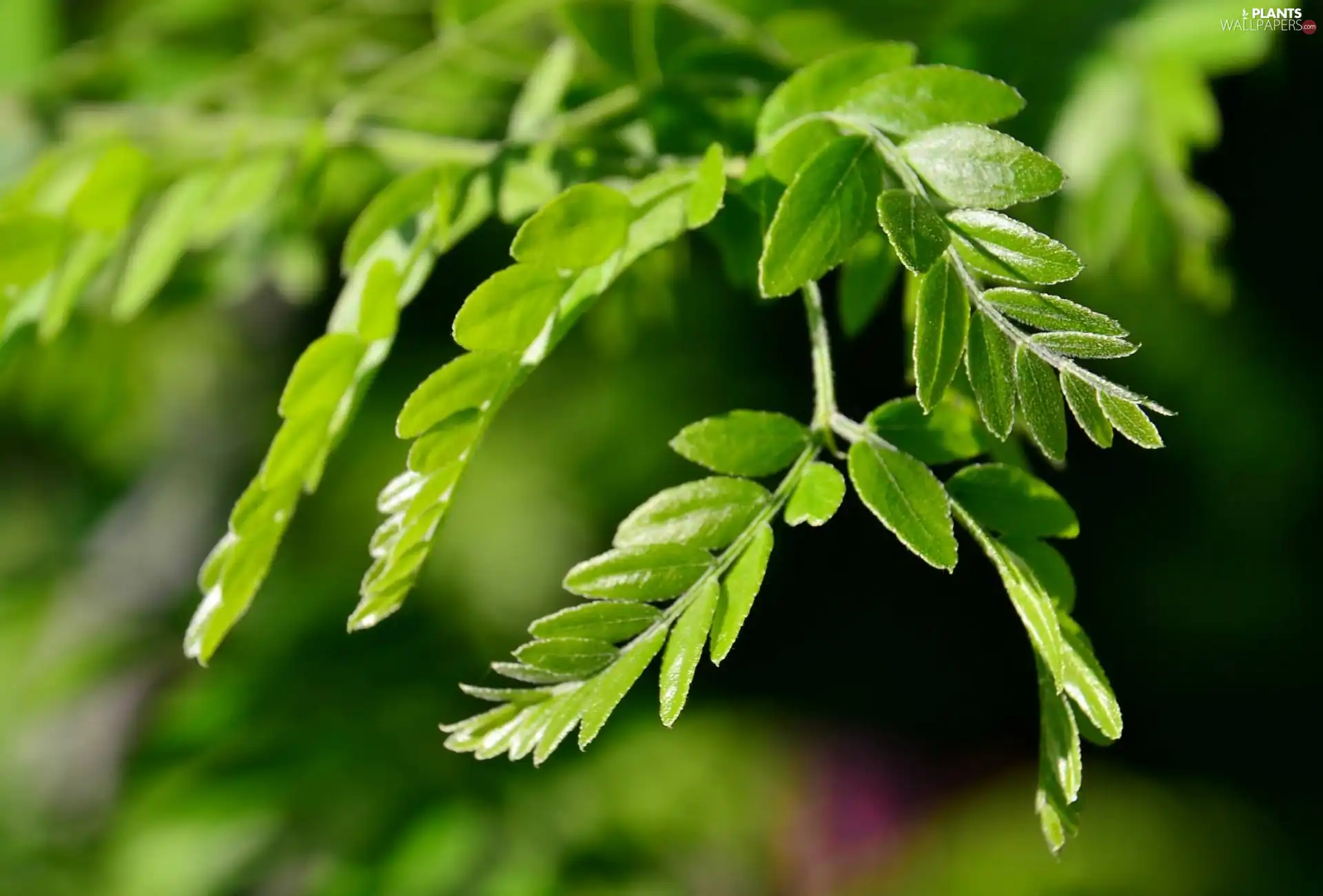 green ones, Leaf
==
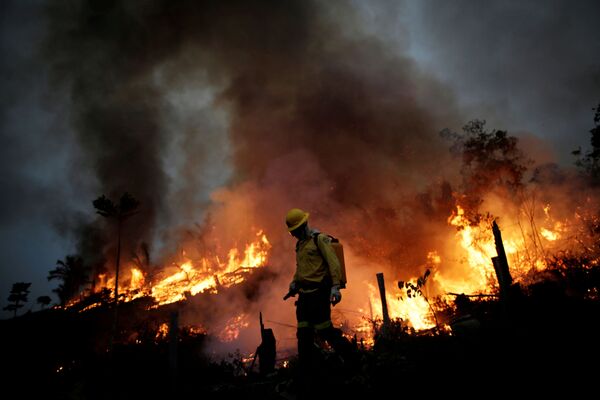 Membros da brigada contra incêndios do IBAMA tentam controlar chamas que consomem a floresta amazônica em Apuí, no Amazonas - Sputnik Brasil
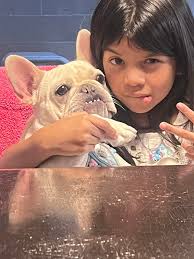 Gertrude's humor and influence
* * *
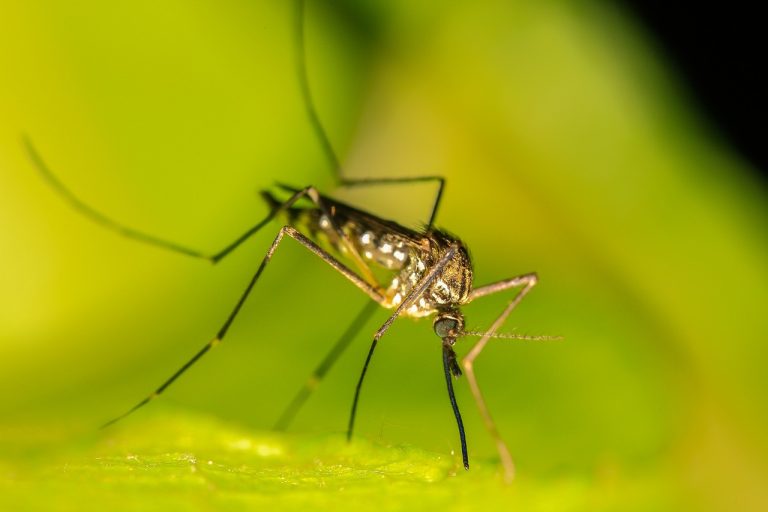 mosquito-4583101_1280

● **Your task**:
Would you give again, exactly, the lines in the data above that run from the line containing "Membros da brigada" to the line containing "Gertrude's humor and influence"? Include both ends and no pictures.

● **Answer section**:
 Membros da brigada contra incêndios do IBAMA tentam controlar chamas que consomem a floresta amazônica em Apuí, no Amazonas - Sputnik Brasil
 Gertrude's humor and influence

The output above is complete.